_Listed entries_
++++

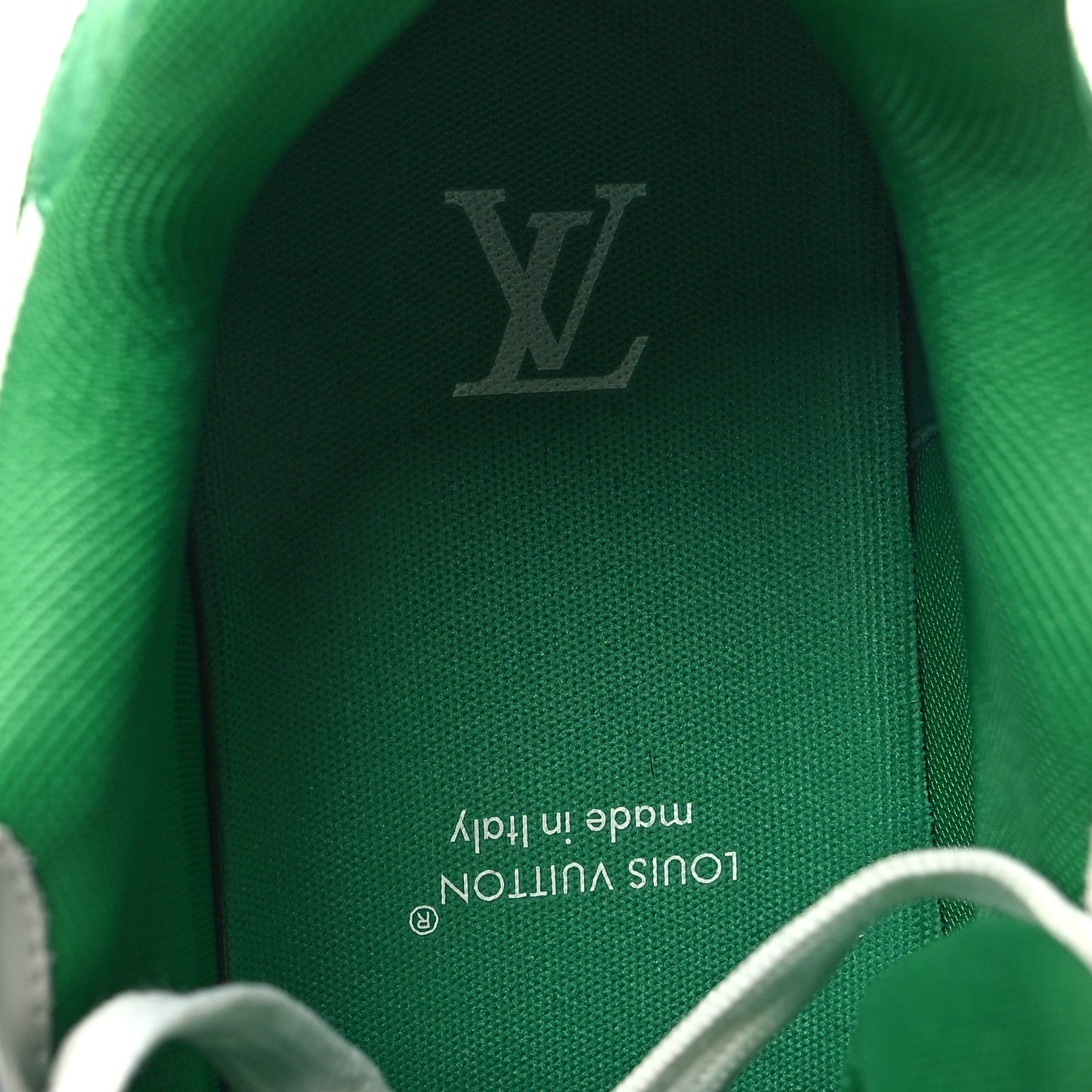 Monogram Denim Mens LV Trainer Sneakers 8 Green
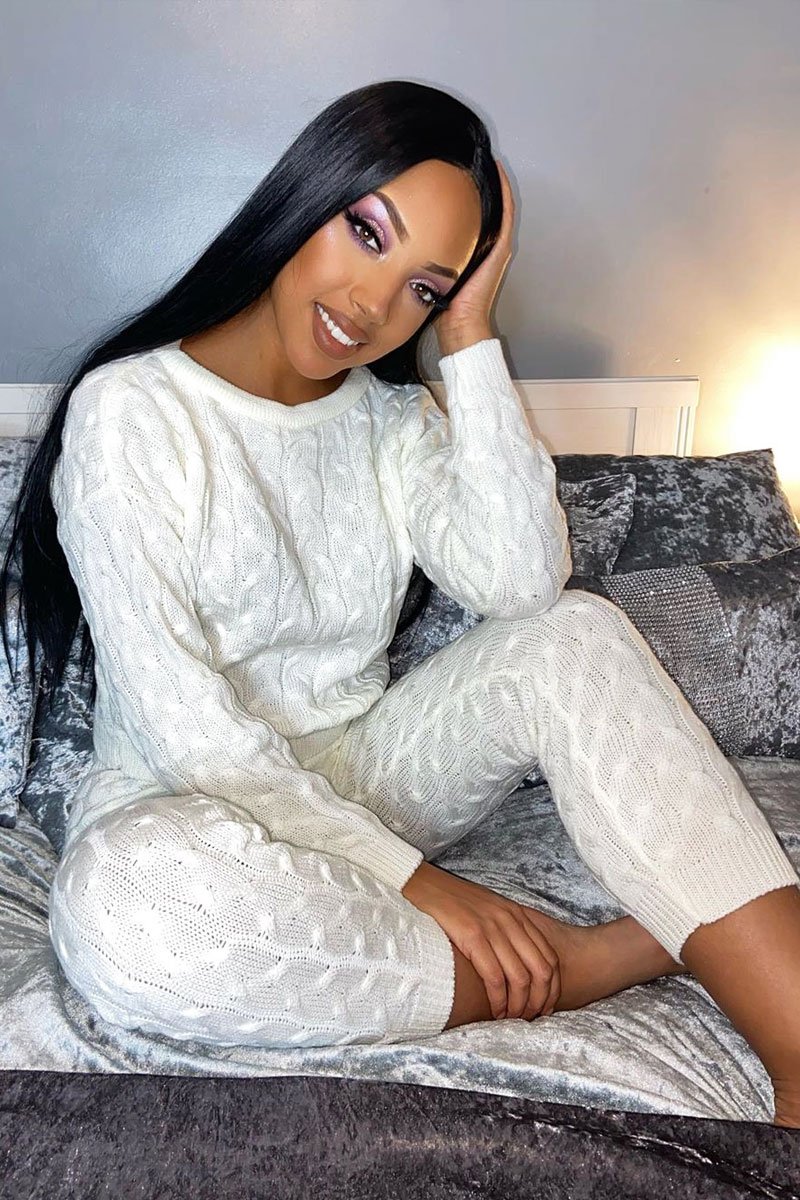 Cream Cable Knit Sweater and Leggings Loungewear Co-ord - Ionia-Co-ords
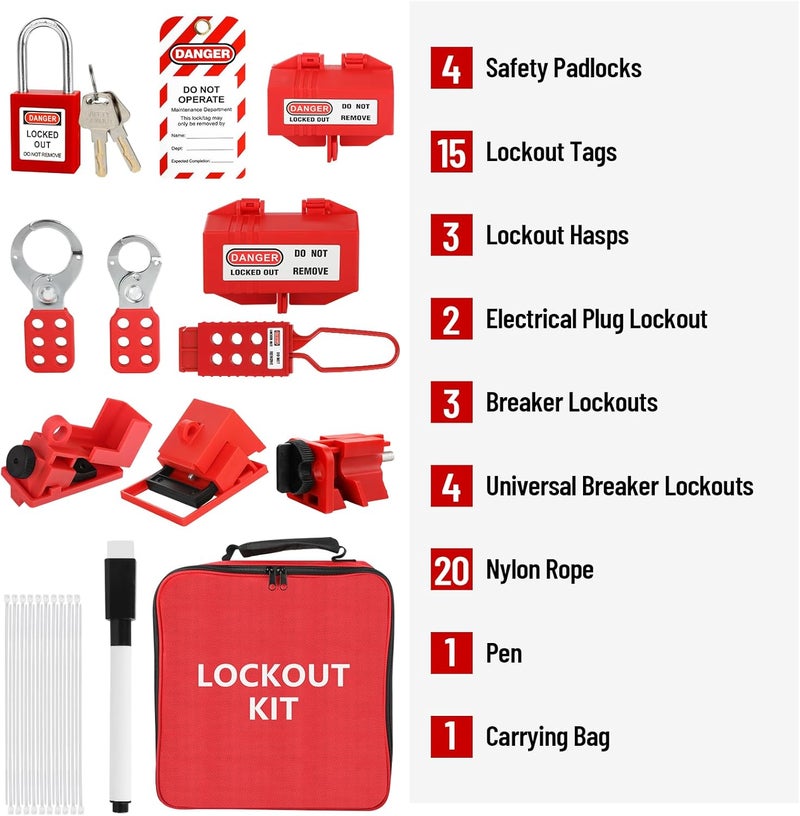 Xeoca Lockout Tagout Kit Electrical Loto 33Pcs - Safety Padlocks Clamp-On Circuit Breaker Lockout, Group Lockout Hasps, Lockout Tag, Universal Multi- Pole Breaker and Red Carrying Bag - Image 2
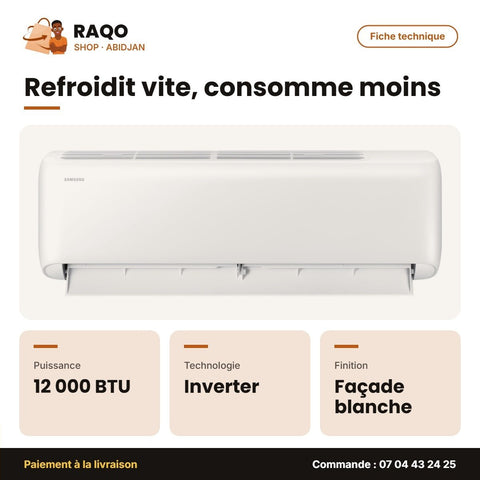 Split 12.000 BTU Samsung – Inverter R32 – Façade Blanche | AR40F12D0AGXAF - RAQO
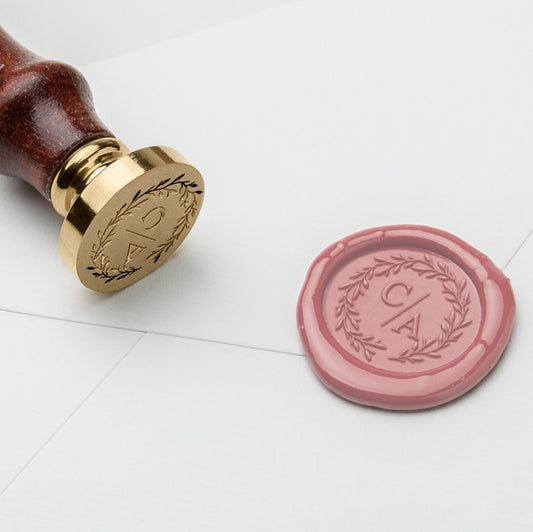 custom designed wax stamp full wreath monogram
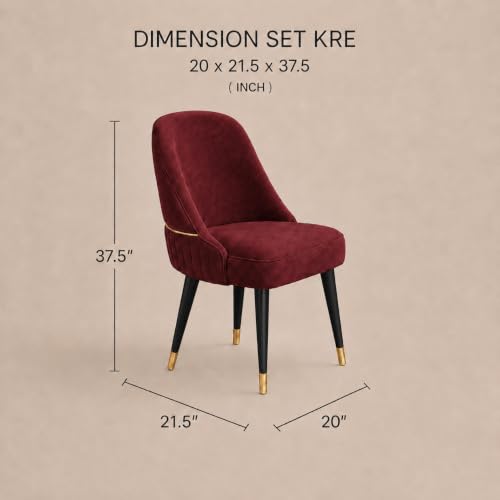 Image of WOODEN SPACE 4 Seater Wooden Dining Table Set | Urban Marble Top Dining Table with Chairs for Dining Room & Kitchen (Modern Grand Aura Maroon) (42 x 42 x 30 inch)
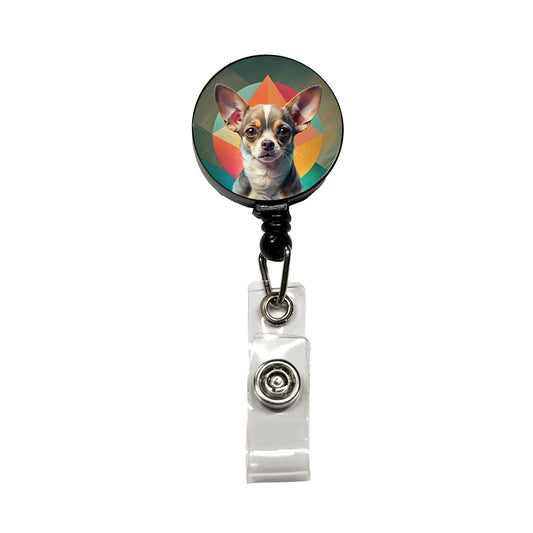 Chihuahua Dog Contemporary Art Retractable ID Key Card Name Tag Badge Holder with Clip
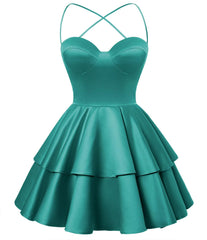 Peacock Satin Homecoming Dress Sweetheart Neck Tiered Short Graduation Dresses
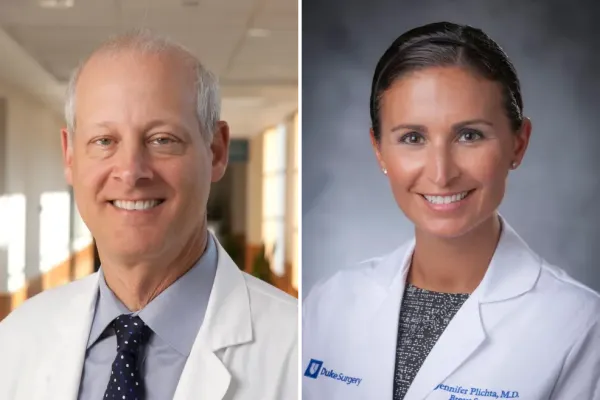 A split image shows a photo of Dr. Andrew Berchuck on the left and Dr. Jennifer Plichta on the right
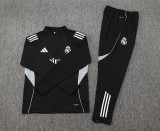 2025-26 Mens Real  Madrid black Half-pull Training Suit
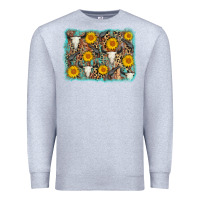 Heather Grey cow skull sunflower background Premium Sweatshirt - AdoDesignShop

++++

Copy the entries precisely, images excluded.

_Solution below_
 Monogram Denim Mens LV Trainer Sneakers 8 Green
 Cream Cable Knit Sweater and Leggings Loungewear Co-ord - Ionia-Co-ords
 Xeoca Lockout Tagout Kit Electrical Loto 33Pcs - Safety Padlocks Clamp-On Circuit Breaker Lockout, Group Lockout Hasps, Lockout Tag, Universal Multi- Pole Breaker and Red Carrying Bag - Image 2
 Split 12.000 BTU Samsung – Inverter R32 – Façade Blanche | AR40F12D0AGXAF - RAQO
 custom designed wax stamp full wreath monogram
 Image of WOODEN SPACE 4 Seater Wooden Dining Table Set | Urban Marble Top Dining Table with Chairs for Dining Room & Kitchen (Modern Grand Aura Maroon) (42 x 42 x 30 inch)
 Chihuahua Dog Contemporary Art Retractable ID Key Card Name Tag Badge Holder with Clip
 Peacock Satin Homecoming Dress Sweetheart Neck Tiered Short Graduation Dresses
 A split image shows a photo of Dr. Andrew Berchuck on the left and Dr. Jennifer Plichta on the right
 2025-26 Mens Real  Madrid black Half-pull Training Suit
 Heather Grey cow skull sunflower background Premium Sweatshirt - AdoDesignShop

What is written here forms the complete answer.